▶ Record set:
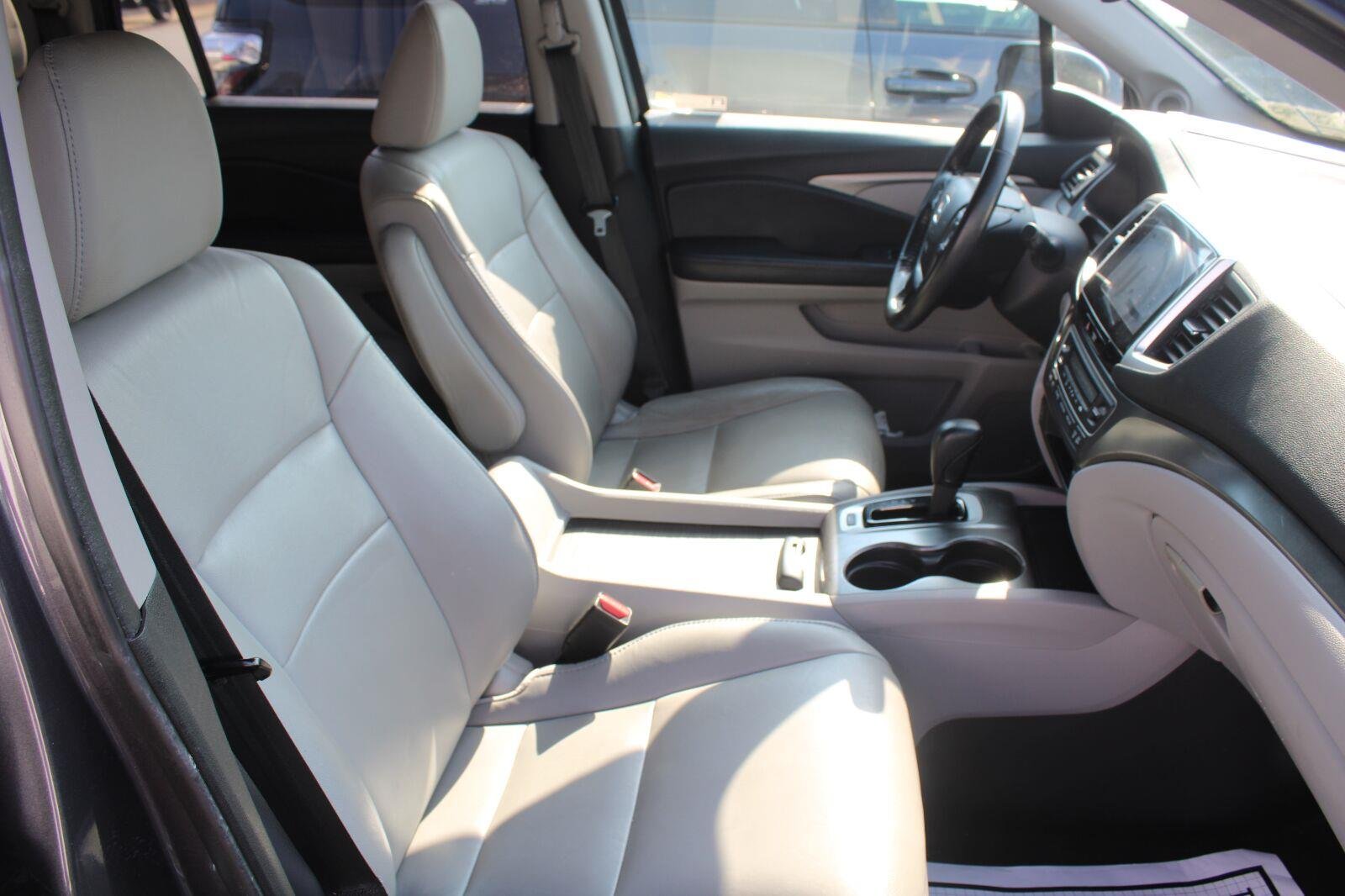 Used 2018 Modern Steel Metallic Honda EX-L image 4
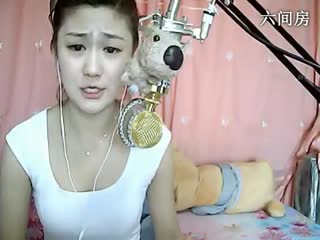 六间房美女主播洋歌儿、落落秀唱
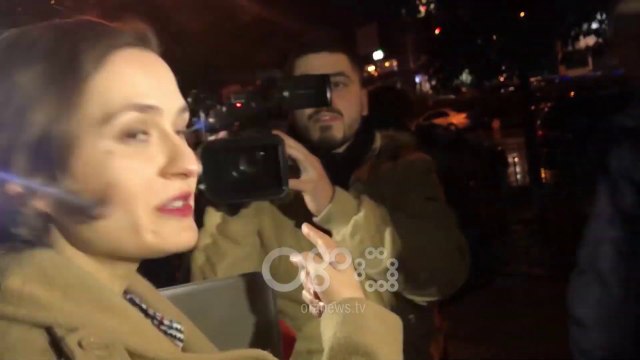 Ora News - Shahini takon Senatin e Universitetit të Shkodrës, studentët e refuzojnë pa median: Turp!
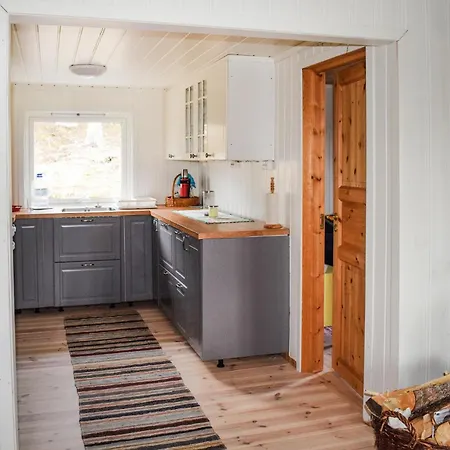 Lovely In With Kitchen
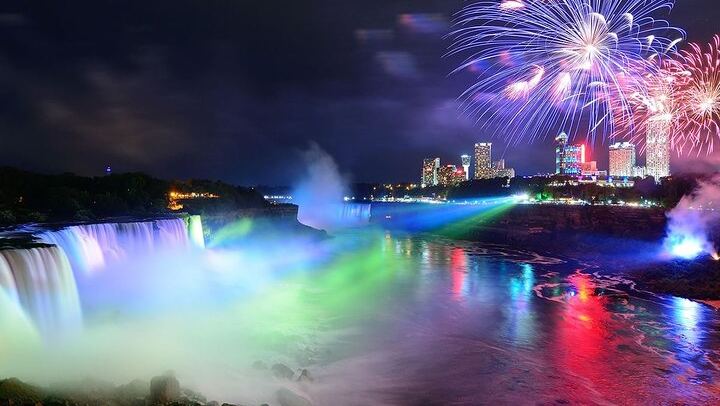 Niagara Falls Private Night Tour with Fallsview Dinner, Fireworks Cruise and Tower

▶ Assignment:
All entries above should be returned exactly, apart from their pictures.

▶ Your solution:
 Used 2018 Modern Steel Metallic Honda EX-L image 4
 六间房美女主播洋歌儿、落落秀唱
 Ora News - Shahini takon Senatin e Universitetit të Shkodrës, studentët e refuzojnë pa median: Turp!
 Lovely In With Kitchen
 Niagara Falls Private Night Tour with Fallsview Dinner, Fireworks Cruise and Tower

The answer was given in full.